Pin A is 5V, and should be suitable to power the Pi (not tested by me). Do not connect the 5V to anything else on the Pi. Only pins 2 and 4 are 5V safe, and you can break parts of your Pi if you get this wrong (also tested the hard way).
According to other forums, the Pi is rated to take between 4.75 and 5.25V on these pins, but no overload protection is present. I have found that the Pi generally draws less than 1A, but may potentially go slightly higher - the need for 3A is to provide power to USB ports.
TL;DR
- Pin 4 to Pin A only if powering Pi from SKR board
Connections - 3 wire serial
Note that Transmit and Receive must be cross connected between the two devices.
- Pin 6 to Pin B
- Pin 8 to Pin D
- Pin 10 to Pin C
Raspberry Pi configuration
The Raspberry Pi 2 has one serial port - /dev/ttyAMA0
The Raspberry Pi 3 has two serial ports - /dev/ttyAMA0 and /dev/ttyS0
/dev/ttyAMA0 is connected to the bluetooth adaptor on this model.
Although you can use the device tree overlay to change this configuration, there is no need to. Any changes to this will not change the GPIO pins in use.
Enabling the serial port can be achieved through editing config files, but it is far simpler to run the following:
sudo raspi-config
Select option 5 - Interfacing Options.
Select option P6 - Serial.
Select No - a serial console should not be available.
Select Yes - The serial hardware should be enabled.
running:
ls /dev/tty
The output should now include /dev/ttyS0 on a Pi 3 and /dev/ttyAMA0 on a Pi 2
Use this port to connect in OctoPrint.
SKR1.4 alternative
In addition to having the TFT connection reversed, the SKR 1.4 also includes a WiFi port and an I2C port.

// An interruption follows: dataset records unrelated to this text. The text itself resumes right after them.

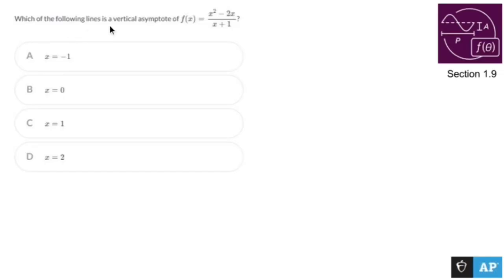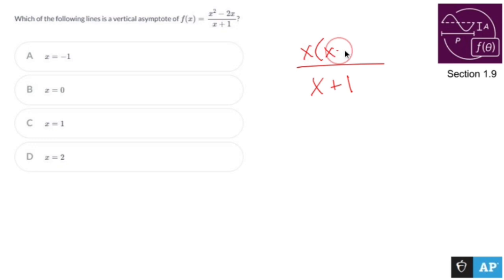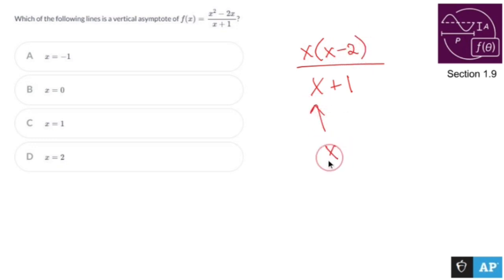Which of the following lines is a vertical asymptote of f(x) = (x² - 2x) / (x + 1)? Well, I have x + 1 on the bottom. So unless I have x + 1 on the top — which I don't, because if I factor out x, I have x - 2 — my vertical asymptote is going to be the x value that makes the bottom 0.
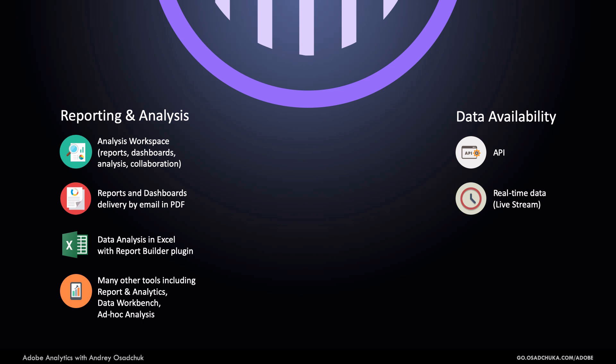Adobe Analytics supports raw data export. This may be helpful for data scientists that want to process the data further in their big data stack to build look-alike or propensity score models.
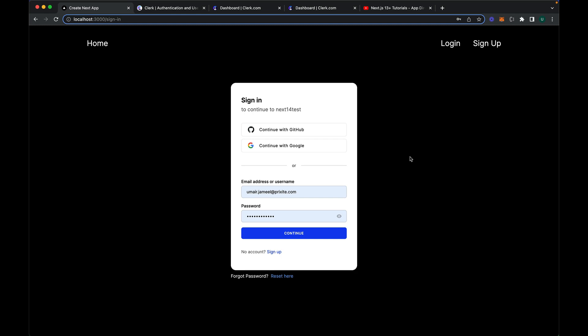Hi guys, welcome back to another video on Next.js. In this video I will be using the latest version of Next.js which is 14, launched a few days back. It uses the app directory just like the previous version, Next.js 13, so there is not much difference, but I will be using version 14 in this video.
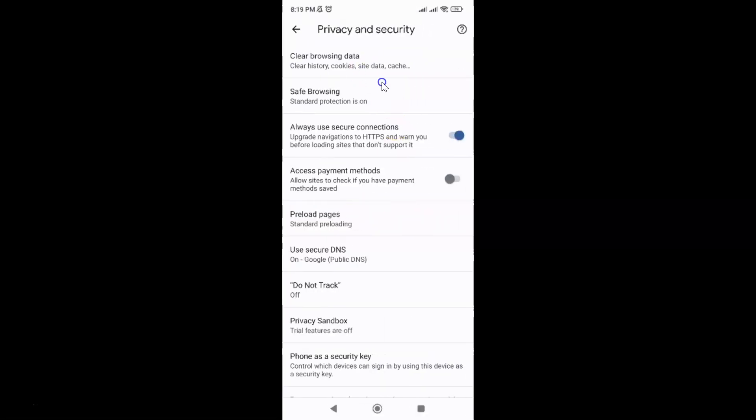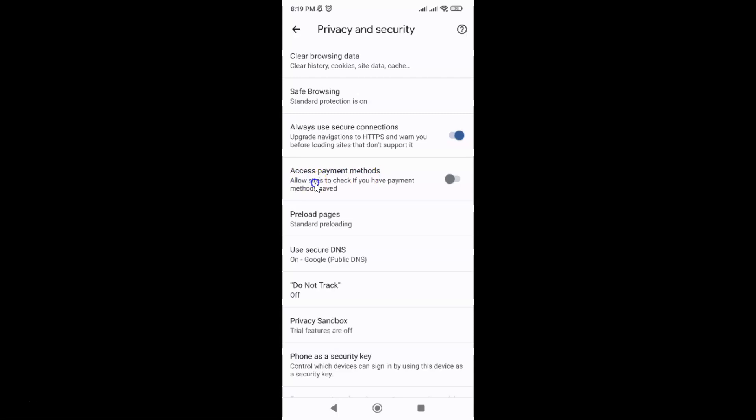The Privacy and Security screen is now opened. On this screen you can see we have the option 'Access payment methods - allow sites to check if you have payment methods saved.' Currently it's turned off. You can see the toggle button is turned off next to it.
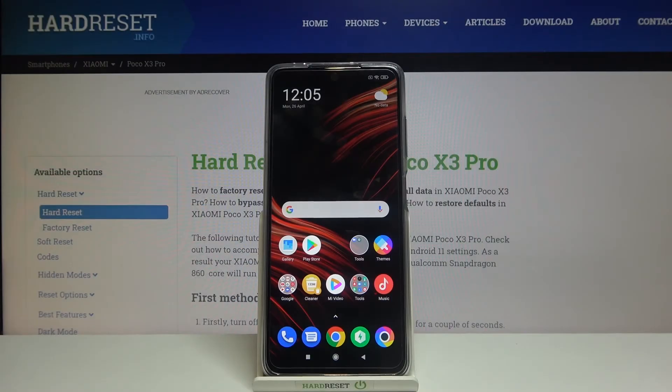Hi and welcome. I am here with the Xiaomi Poco X3 Pro and I'll be showing you how to customize your notifications bar.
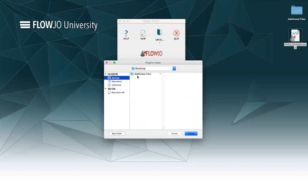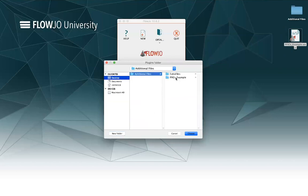I navigate my way to it — it's on my desktop in my additional files, and here's my derived parameters folder. Normally this folder is created next to the workspace; you can see it has the same name as my workspace — they're both called pfix example. So if you're looking for it and have lost it, a good place to check is where the workspace was originally saved, because it's probably in that same location.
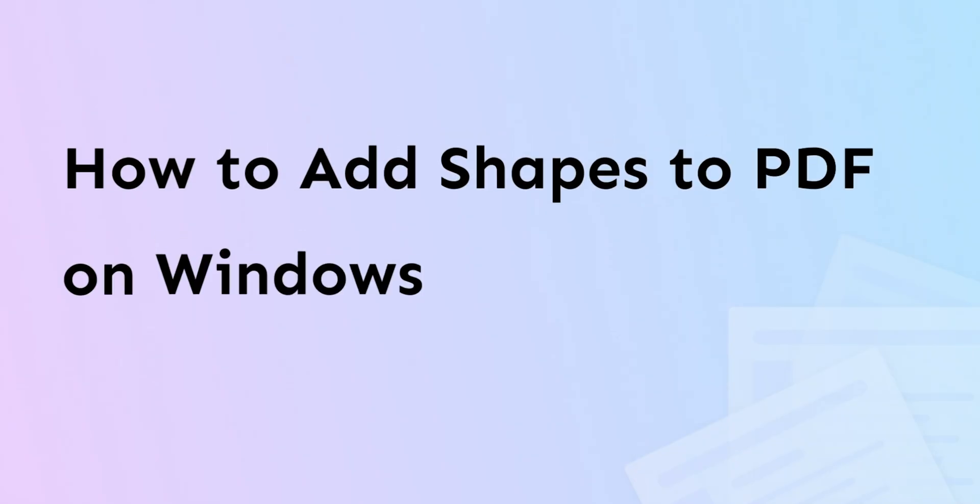Hi there, welcome to UPDF. Today we will help you to add shapes to PDF documents on Windows with UPDF.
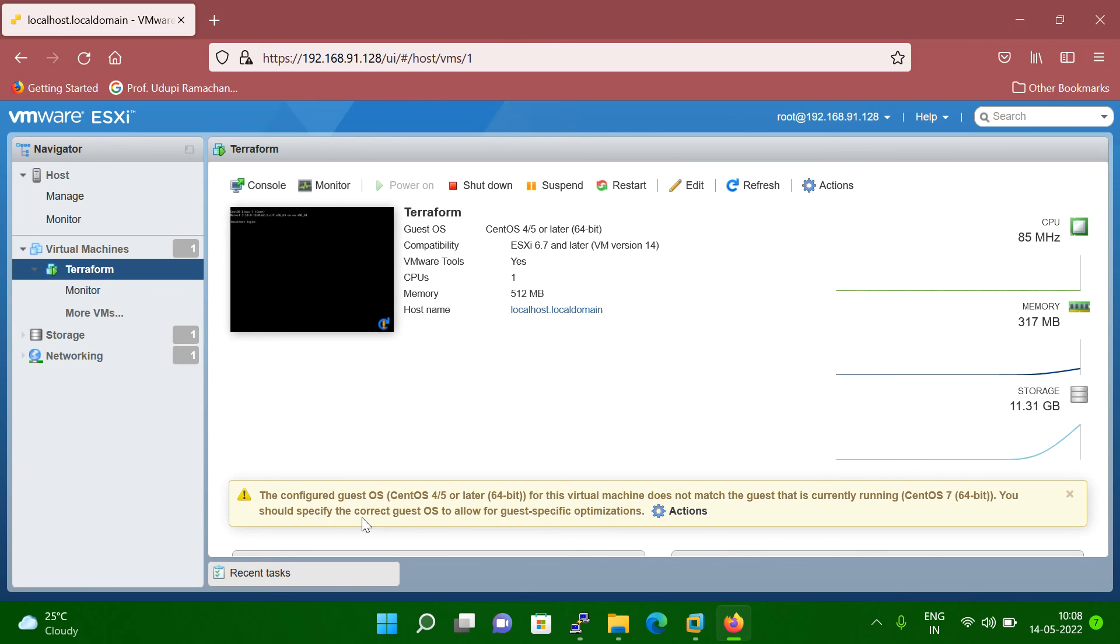So suppose if you are on your VM and that VM application or database is running, then you have to stop the application and database and then you have to power off and then you can change. So basically you need a downtime to do this activity.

The I2C connector has ports with the same layout as those on the TFT, without the E pin:
D C B A
If you wish to use the I2C port, it is on UART3. Use the following in Configuration.h:
#define SERIAL_PORT 3
#define SERIAL_PORT_2 0
This will disable the use of the USB port to control the board, but if you are only going to connect from the Pi, this is not needed. However, this will enable the use of the BTT TFT35 module as well as control from OctoPrint (although this may be confusing with two machines attempting to control the printer).
If you are not using the WiFi module, it may be possible to use the WiFi port for this, but I have not succeeded with this (The pins in use are a secondary connection for UART3, not enabled by arduino framework for this board. I don't know if Marlin uses software based serial for this). The WiFi Tx/Rx ports are on the top right and bottom left of the 2x4 connector (not 100% certain on Tx/Rx orientation), with Gnd on bottom right.